本章是对udacity 机器人课程第三个项目3D perception项目的学习总结。
本章的主要任务是以3D相机的图片作为输入, 经过一系列处理,识别图片中的目标物,标记出其质心位置, 然后控制机械手臂将目标物放入指定的筐中。
在项目二中介绍了3D相机, 3D相机可以生成一个三维立体的图片, 本章则将这种三维立体图片进行处理,经过采样, 滤波,分割处理图片,再经过聚类和svm对图片中的目标分类达到感知的目的。
本章分为三个部分
第一部分介绍使用pcl库对3D图形的预处理, 改阶段的主要目的是去掉3D图形中冗余的信息;
第二部分使用聚类的方法分割目标物;
第三部分使用svm对分割以后的目标物进行分类。
假设我们要操纵机械手臂拾取锤子, 则上图中的大部分信息都为冗余信息,为了减少计算复杂度首先要对图像进行处理,在保留必要信息的基础上去掉冗余信息。
# Create a VoxelGrid filter object for our input point cloud
vox = cloud.make_voxel_grid_filter()
# Choose a voxel (also known as leaf) size
LEAF_SIZE = 0.01
# Set the voxel (or leaf) size
vox.set_leaf_size(LEAF_SIZE, LEAF_SIZE, LEAF_SIZE)
# Call the filter function to obtain the resultant downsampled point cloud
cloud_filtered = vox.filter()
filename = 'voxel_downsampled.pcd'
pcl.save(cloud_filtered, filename)
# PassThrough filter
# Create a PassThrough filter object.
passthrough = cloud_filtered.make_passthrough_filter()

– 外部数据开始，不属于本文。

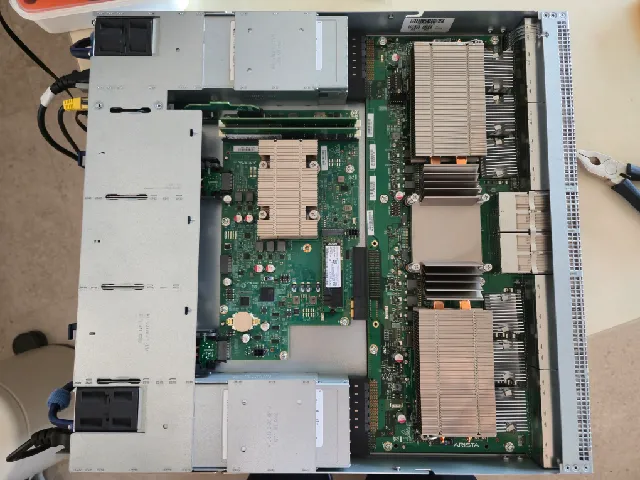7050TX3 ssd stand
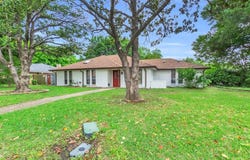 1032 Peach Lane, DeSoto, TX 75115
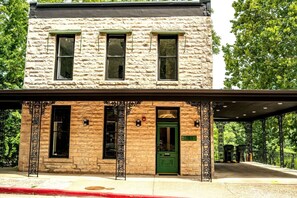Exterior - Downtown+HotTub+Wifi+FreeParking Entire Building @151 Spring (Eureka Springs)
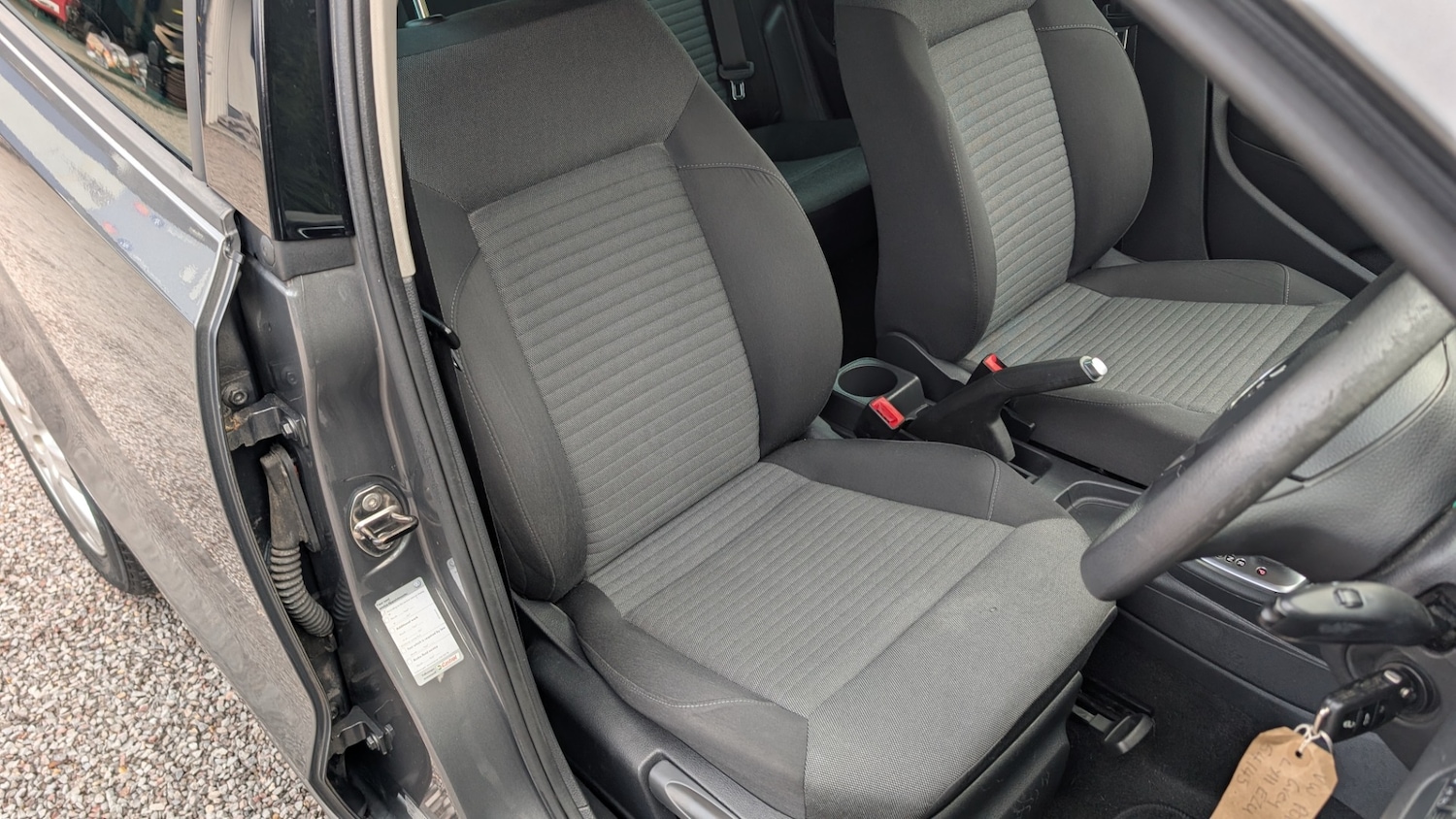 Used Volkswagen Polo 2011 for sale - 76218714: Photo 17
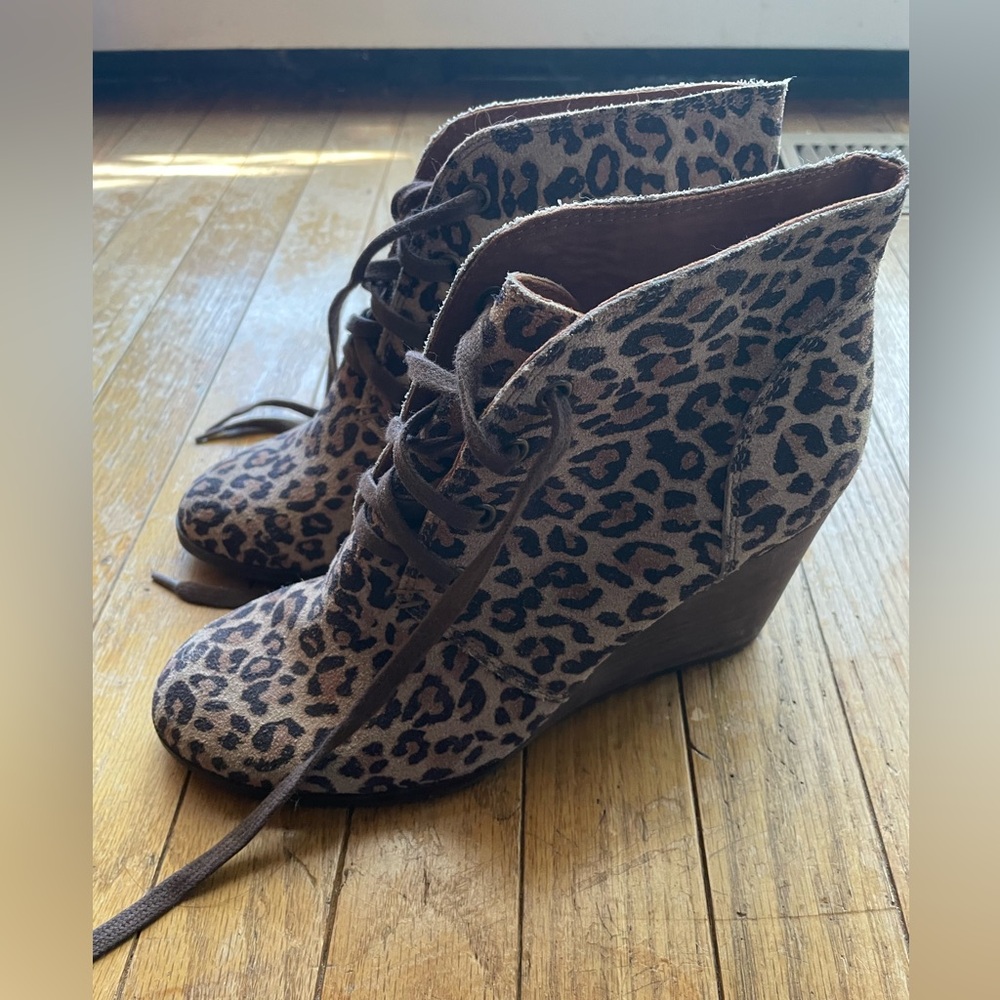 Lucky Brand boots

# Assign axis and range to the passthrough filter object.
filter_axis = 'z'
passthrough.set_filter_field_name(filter_axis)
axis_min = 0.6
axis_max = 1.1
passthrough.set_filter_limits(axis_min, axis_max)
# Finally use the filter function to obtain the resultant point cloud.

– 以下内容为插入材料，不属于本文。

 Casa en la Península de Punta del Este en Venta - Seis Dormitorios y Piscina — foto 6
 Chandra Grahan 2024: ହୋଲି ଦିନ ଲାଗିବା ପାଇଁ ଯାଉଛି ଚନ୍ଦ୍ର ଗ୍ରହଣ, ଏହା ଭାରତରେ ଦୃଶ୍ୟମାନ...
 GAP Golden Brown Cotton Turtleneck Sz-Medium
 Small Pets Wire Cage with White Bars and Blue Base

cloud_filtered = passthrough.filter()
filename = 'pass_through_filtered.pcd'
pcl.save(cloud_filtered, filename)
# Create the segmentation object
seg = cloud_filtered.make_segmenter()
# Set the model you wish to fit
seg.set_model_type(pcl.SACMODEL_PLANE)
seg.set_method_type(pcl.SAC_RANSAC)
# Max distance for a point to be considered fitting the model
# Experiment with different values for max_distance
# for segmenting the table
max_distance = 0.01
seg.set_distance_threshold(max_distance)
# Call the segment function to obtain set of inlier indices and model coefficients
inliers, coefficients = seg.segment()
# Extract inliers
extracted_inliers = cloud_filtered.extract(inliers, negative=False)

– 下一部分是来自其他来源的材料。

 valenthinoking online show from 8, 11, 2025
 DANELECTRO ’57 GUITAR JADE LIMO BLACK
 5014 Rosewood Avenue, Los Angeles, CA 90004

filename = 'extracted_inliers.pcd'
pcl.save(extracted_inliers, filename)
桌面并不是我们想要得到的结果, 这是只需要将negative参数设置为True, 则会得到和上一步相反的数据, 即桌面上的物体。
extracted_outliers = cloud_filtered.extract(inliers, negative=True)
filename = 'extracted_outliers.pcd'
pcl.save(extracted_outliers, filename)
以上就是第一部分的内容, 我们首先通过采样降低了数据量, 然后有通过滤波保留了桌面范围的数据, 最后使用随机采样算法又将桌面去掉,只保留了桌面上的物品。 虽然我们肉眼可以根据直觉轻松判断剩余物体的形状,但是对于计算机来说,上图依旧只是一个数字矩阵, 下一步我们需要做的就是将这个数据矩阵分割成一个个的物体。
机器学习按照训练集有无标签可以分为监督学习和无监督学习,其中无监督学习就是给定一组没有标签的数据, 算法自动将数据集按照某种特征分类, 本项目使用DBSCAN Algorithm 完成对上图分类的任务。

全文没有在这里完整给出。